→ What to do: Leave out the pictures, and retype only the lines from the beginning of the material through the line that contains "Cachecol grande e macio com franjas - Kiabi", including both.

[Given records Boundary: Start]

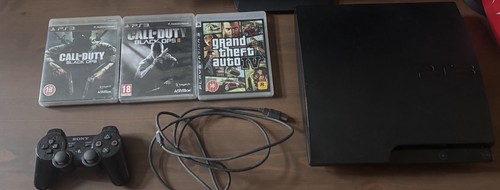 Ps3 slim with games and - with,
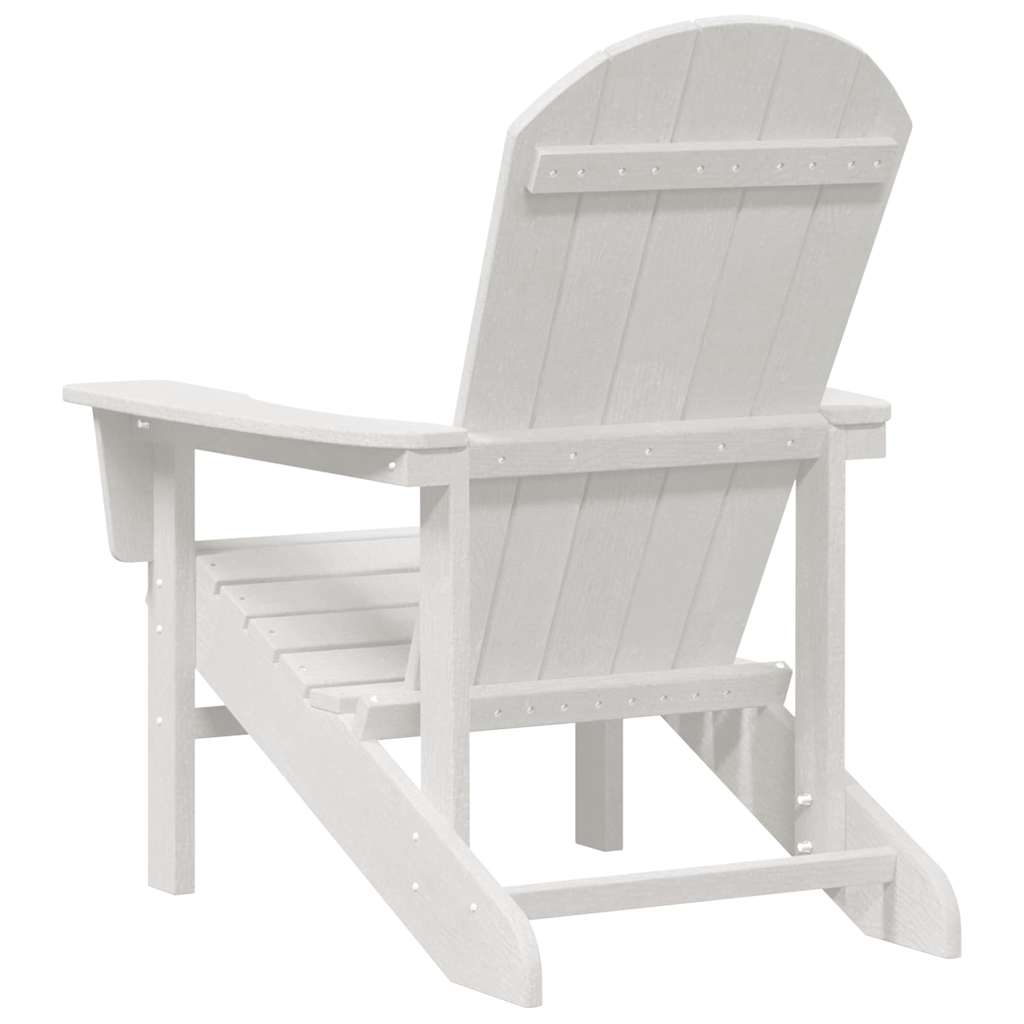 Adirondack Chair White 82 x 74 x 92 cm HDPE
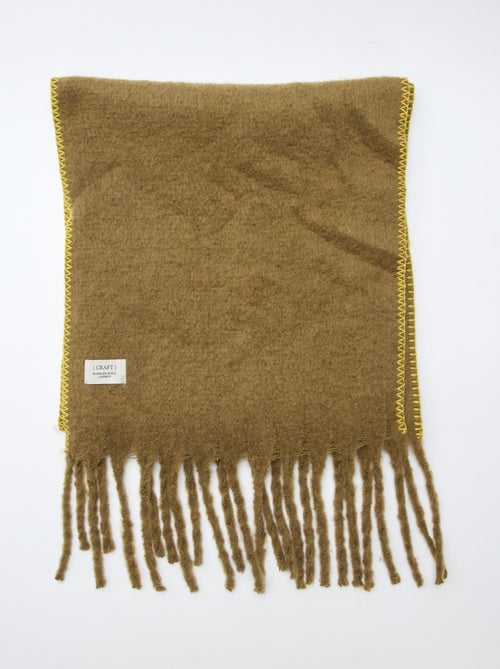 Cachecol grande e macio com franjas - Kiabi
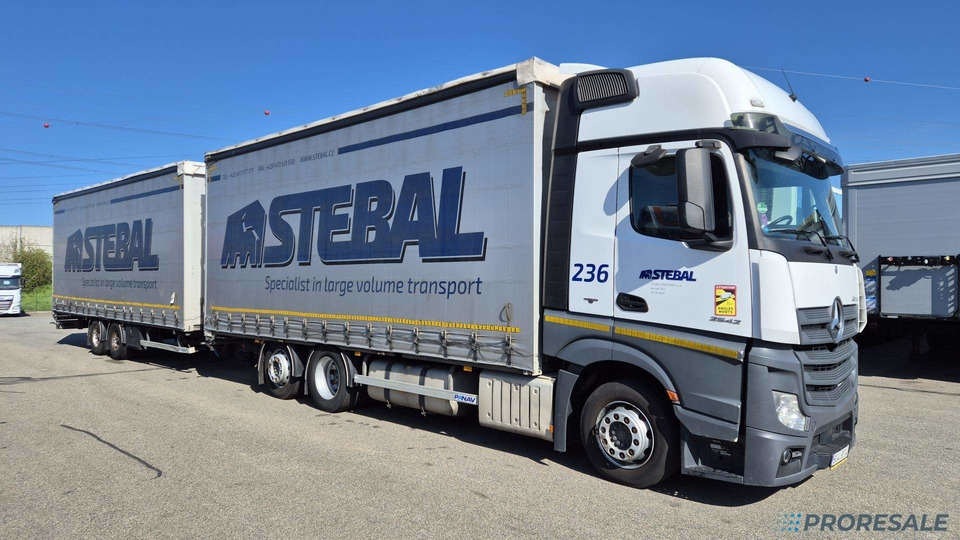 MERCEDES-BENZ ACTROS 2542 6X2 EURO 6 velkoobjemová souprava - prodejné jen s přívěsem PANAV P0465Z - cena je za celou soupravu - Xe tải thùng mui bạt: hình 1 MERCEDES-BENZ ACTROS 2542 6X2 EURO 6 velkoobjemová souprava - prodejné jen s přívěsem PANAV P0465Z - cena je za celou soupravu - Xe tải thùng mui bạt: hình 1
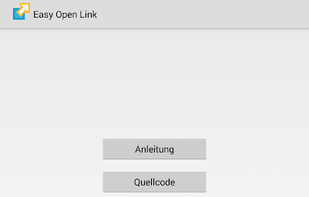 Easy Open Link screenshot 1
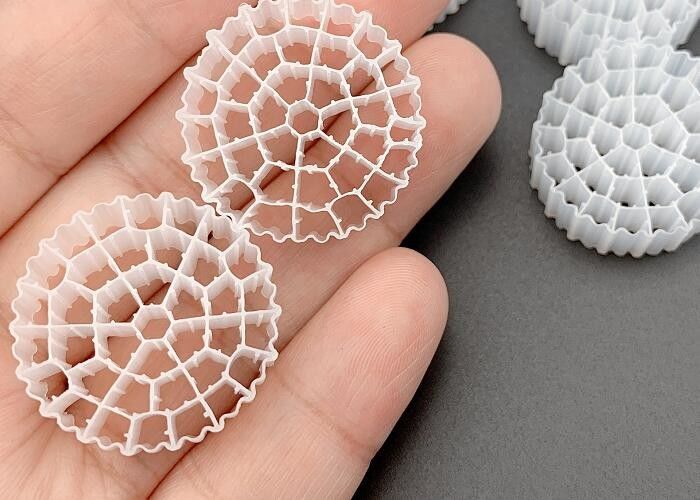 흰색 25*10MM PE Mbbr 떠있는 필터 매체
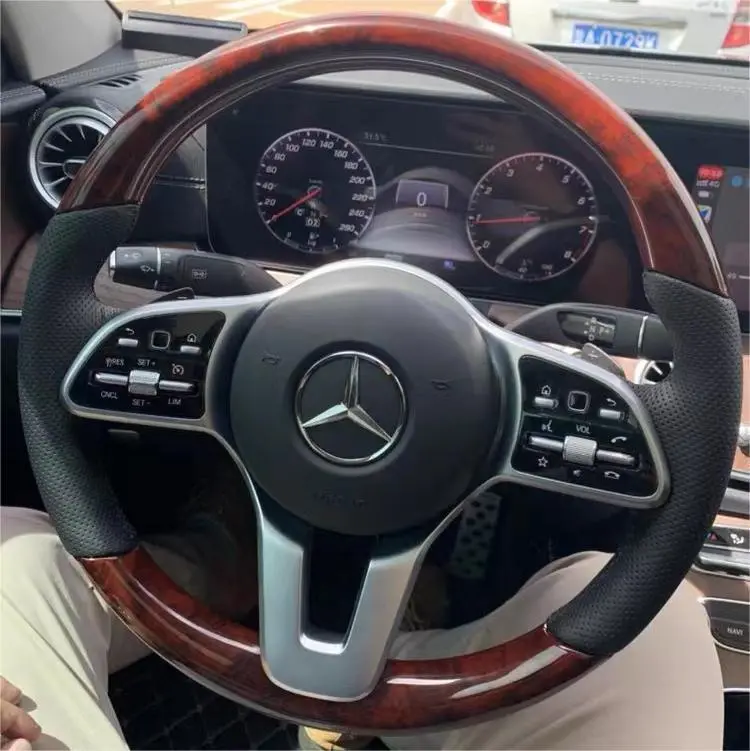 Wood Grain Steering Wheel For Mercedes W205 W243 | Ttd Craft 1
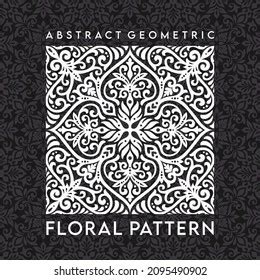 Abstract Geometric Floral Pattern Vector Stock Vector Royalty Free
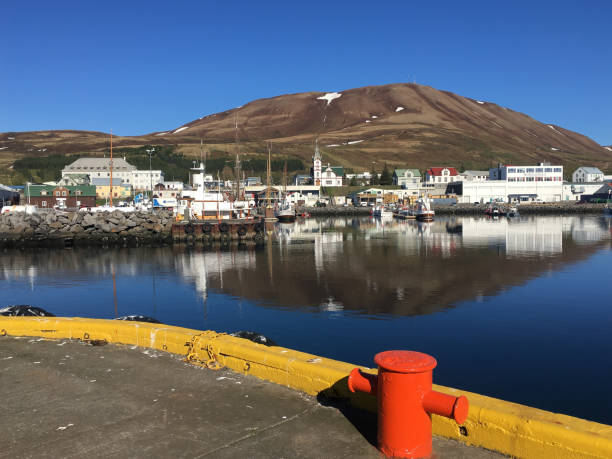 istock Husavik is a town in north Iceland 1411119575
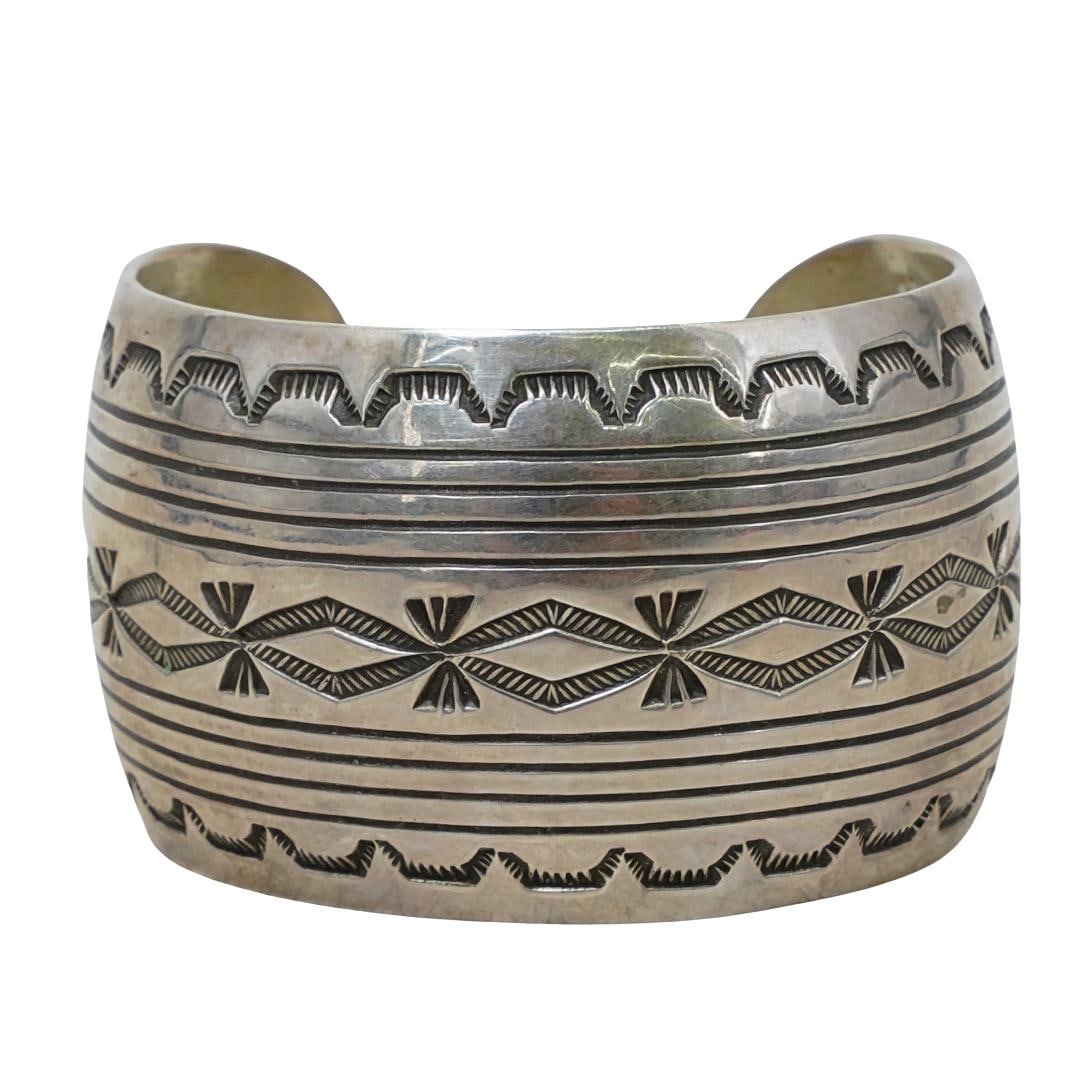 Navajo Carson Blackgoat Sterling Silver Cuff (1 of 6)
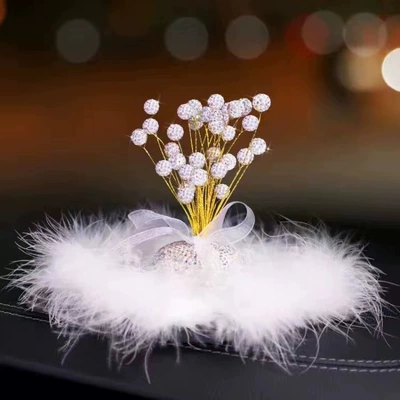 aromatherapy starry car accessories: Other Automotive Interior Supplies - ab-white-camellia-wool-pad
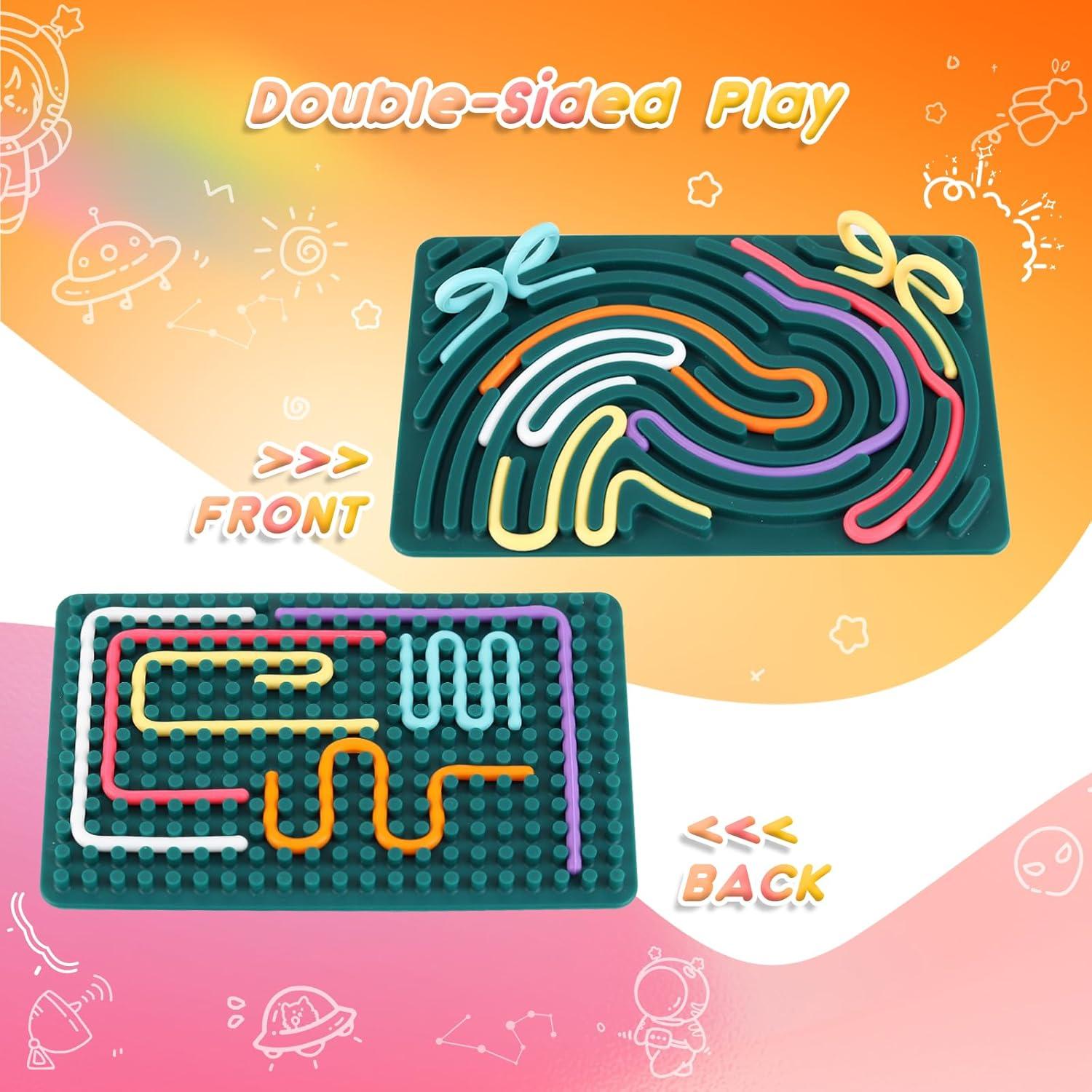 Tablero de Actividad Sensorial Antiestrés 20 Cuerdas Verde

[Given records Boundary: End]

→ Solution to the problem:
 Ps3 slim with games and - with,
 Adirondack Chair White 82 x 74 x 92 cm HDPE
 Cachecol grande e macio com franjas - Kiabi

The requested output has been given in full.